### Records for this task
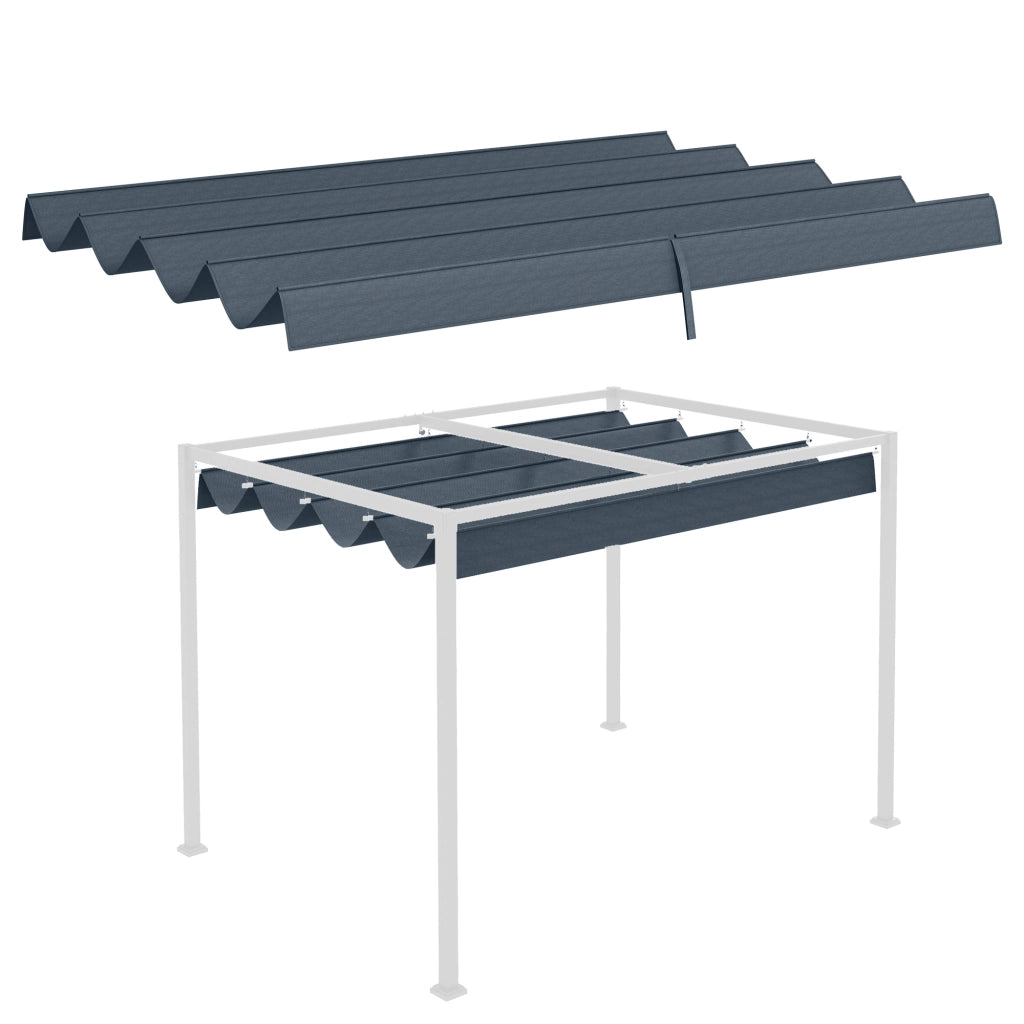 Telo di Ricambio per Gazebo da Giardino 2,85 x 2 m in Poliestere Grigio Scuro Tettoia Estensibile Resistente Facile da Montare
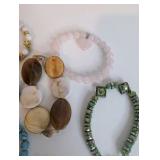Natural Stone and bead stretchy bracelet lot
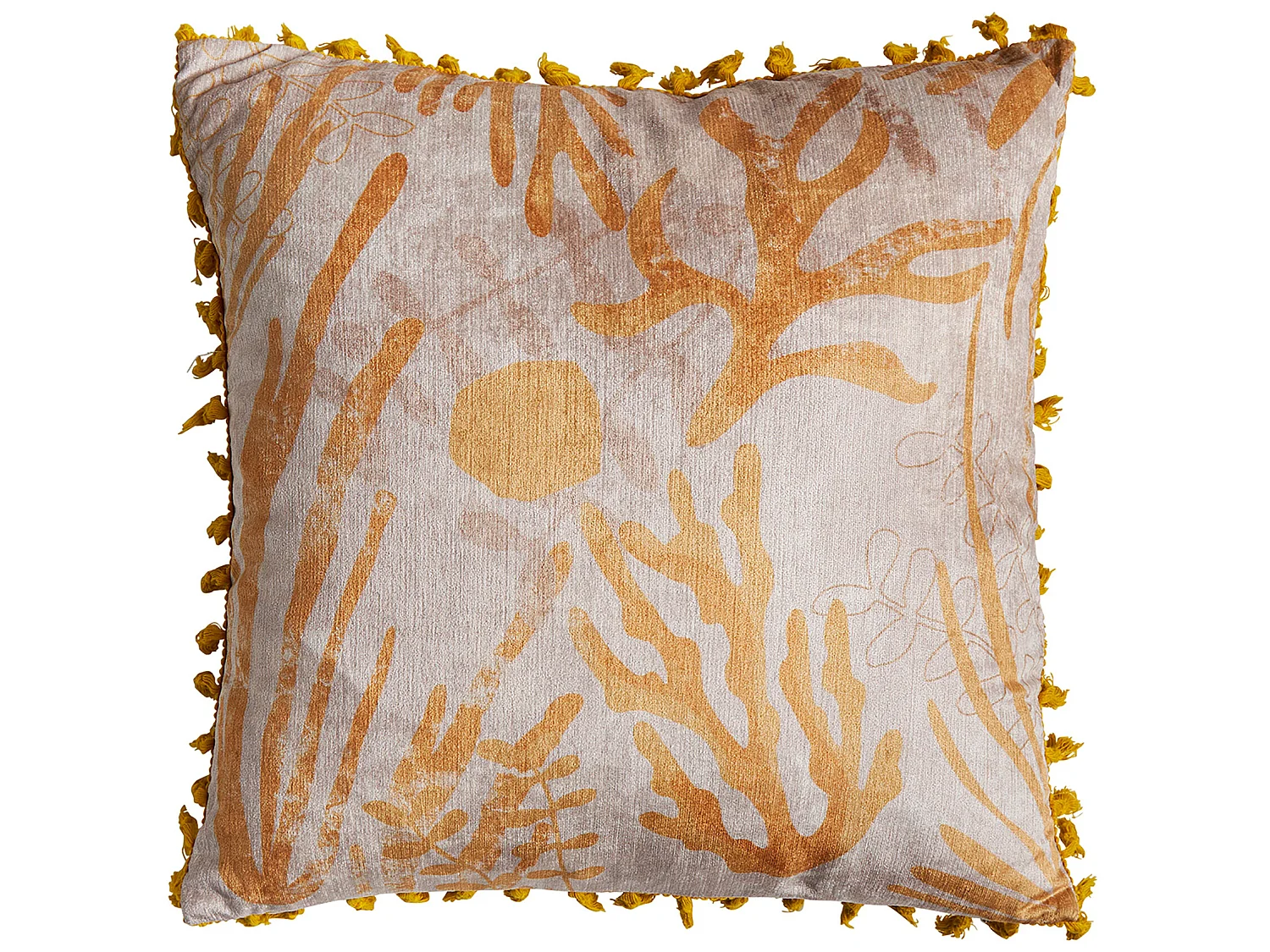 Cojín de chenilla en color crema de 42x42x10cm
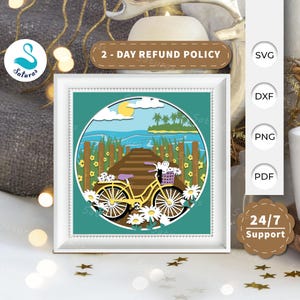 3D SVG Beach Bicycle Shadow Box, Beach Bicycle Papercut Layered 3D Svg, Beach 3D Svg, Beach Shadow Box, Cricut Silhouette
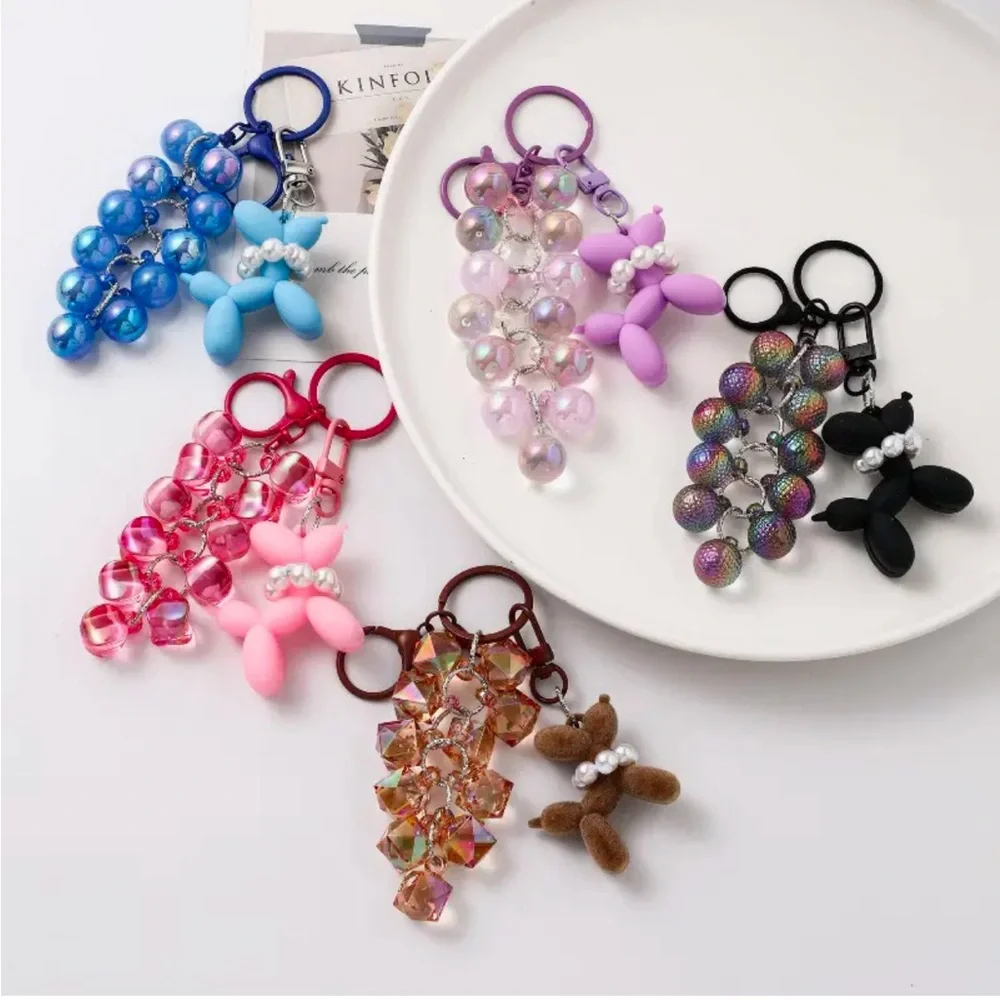 NWT 🐶 Balloon Dog & Shiny Acrylic Bubble/Grape Beads Keychain/Phone/Bag Charm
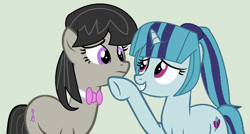 Size: 1282x689 | Tagged: safe, artist:jadeharmony, artist:jadethepegasus, imported from derpibooru, octavia melody, sonata dusk, chin up, duo, female, lesbian, shipping, sontavia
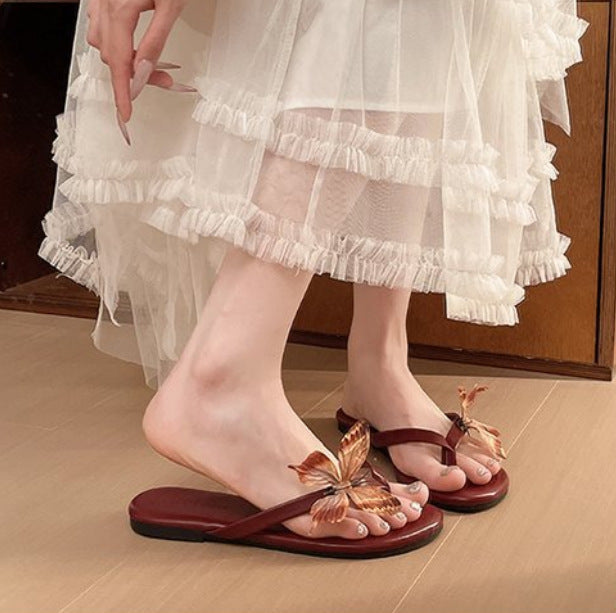 Damen elegante Zehentrenner mit aufwändiger Schmetterlingsapplikation EB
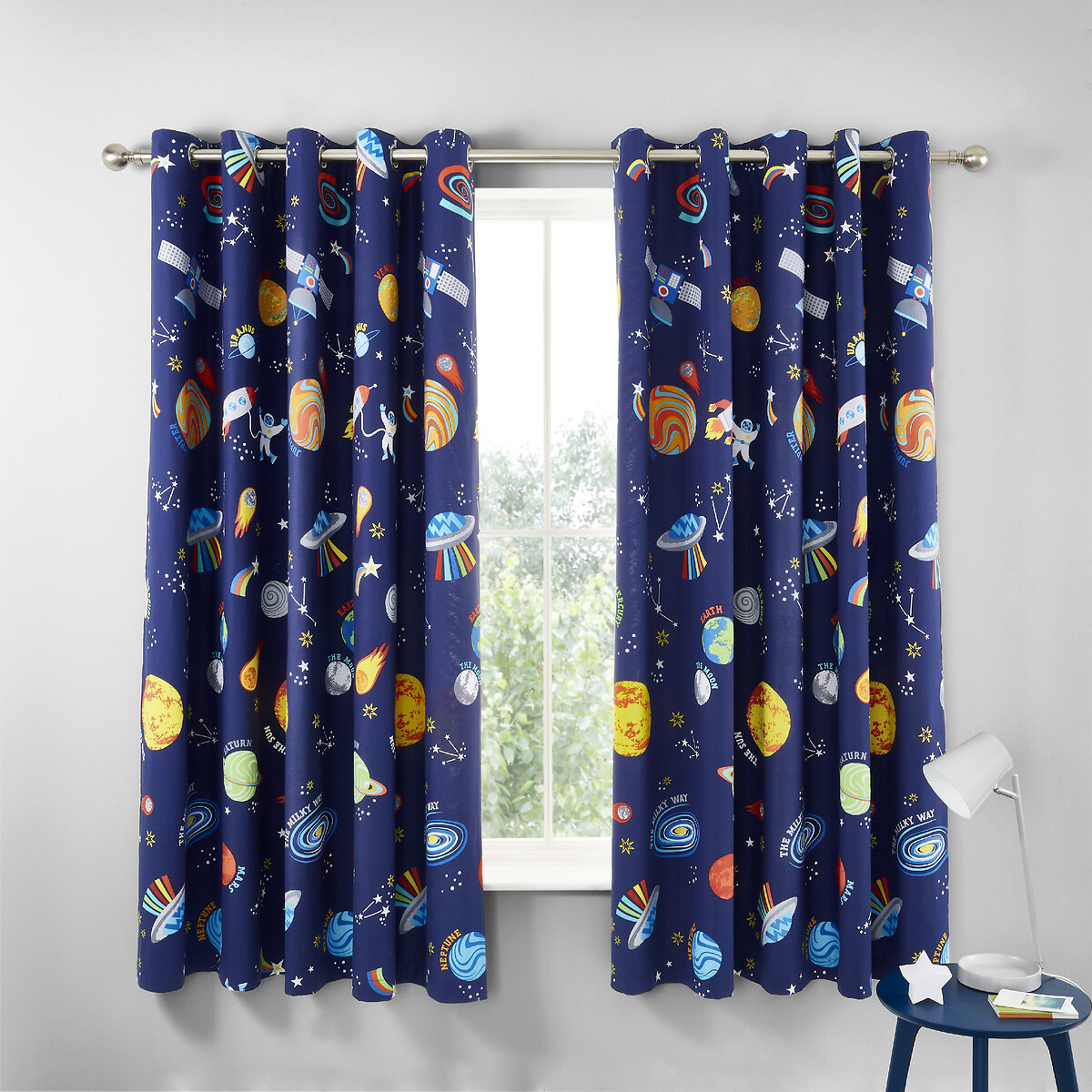 Lost In Space Lined Cotton Eyelet Curtains, CATHERINE LANSFIELD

### The problem
Copy every record character for character. Skip the pictures.

### Problem solution
 Telo di Ricambio per Gazebo da Giardino 2,85 x 2 m in Poliestere Grigio Scuro Tettoia Estensibile Resistente Facile da Montare
Natural Stone and bead stretchy bracelet lot
 Cojín de chenilla en color crema de 42x42x10cm
 3D SVG Beach Bicycle Shadow Box, Beach Bicycle Papercut Layered 3D Svg, Beach 3D Svg, Beach Shadow Box, Cricut Silhouette
 NWT 🐶 Balloon Dog & Shiny Acrylic Bubble/Grape Beads Keychain/Phone/Bag Charm
 Size: 1282x689 | Tagged: safe, artist:jadeharmony, artist:jadethepegasus, imported from derpibooru, octavia melody, sonata dusk, chin up, duo, female, lesbian, shipping, sontavia
 Damen elegante Zehentrenner mit aufwändiger Schmetterlingsapplikation EB
 Lost In Space Lined Cotton Eyelet Curtains, CATHERINE LANSFIELD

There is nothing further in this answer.